- WHAT YOU NEED TO DO
Each line in the records below, from the one that contains "美式 潮牌棉衣 夹棉外套男秋季 新款 飞行员夹克棉服加厚短款 男士" to the one that contains "Cube Visitor Chair", should be reproduced exactly, the first and last included.

- DATA TO PROCESS
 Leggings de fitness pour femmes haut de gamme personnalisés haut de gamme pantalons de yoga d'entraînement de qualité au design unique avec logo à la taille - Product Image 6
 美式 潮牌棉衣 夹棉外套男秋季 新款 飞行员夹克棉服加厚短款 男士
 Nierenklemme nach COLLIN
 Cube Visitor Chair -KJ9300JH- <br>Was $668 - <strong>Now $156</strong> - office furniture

...

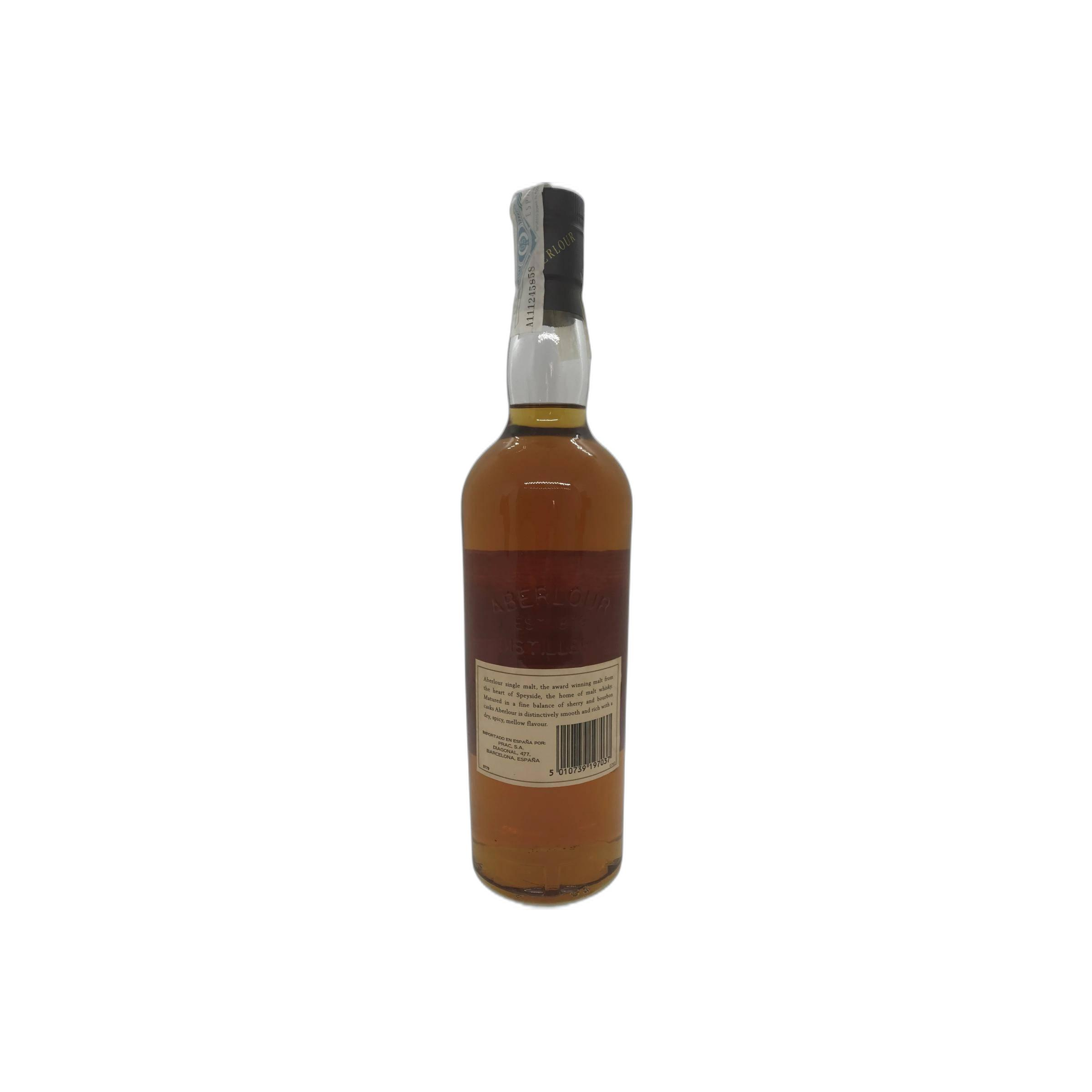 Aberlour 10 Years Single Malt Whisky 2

--

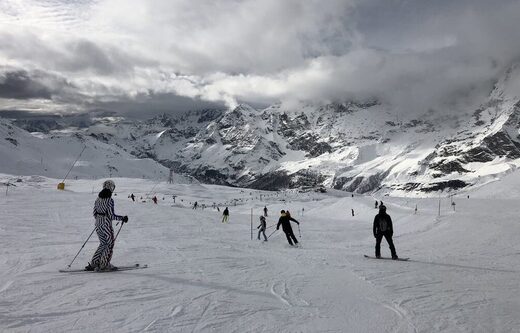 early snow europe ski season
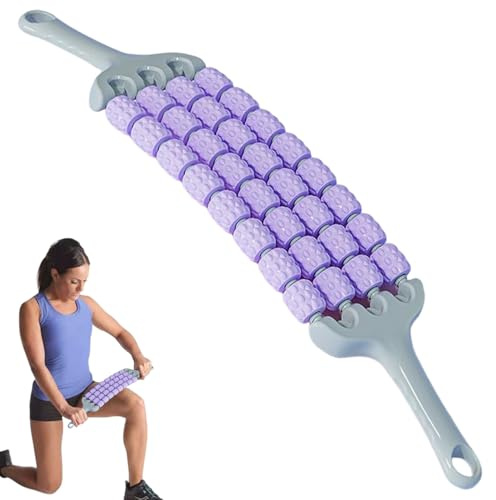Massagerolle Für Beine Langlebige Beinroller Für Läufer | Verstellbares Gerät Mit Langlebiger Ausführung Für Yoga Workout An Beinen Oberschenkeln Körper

- WRITTEN SOLUTION
 美式 潮牌棉衣 夹棉外套男秋季 新款 飞行员夹克棉服加厚短款 男士
 Nierenklemme nach COLLIN
 Cube Visitor Chair -KJ9300JH- <br>Was $668 - <strong>Now $156</strong> - office furniture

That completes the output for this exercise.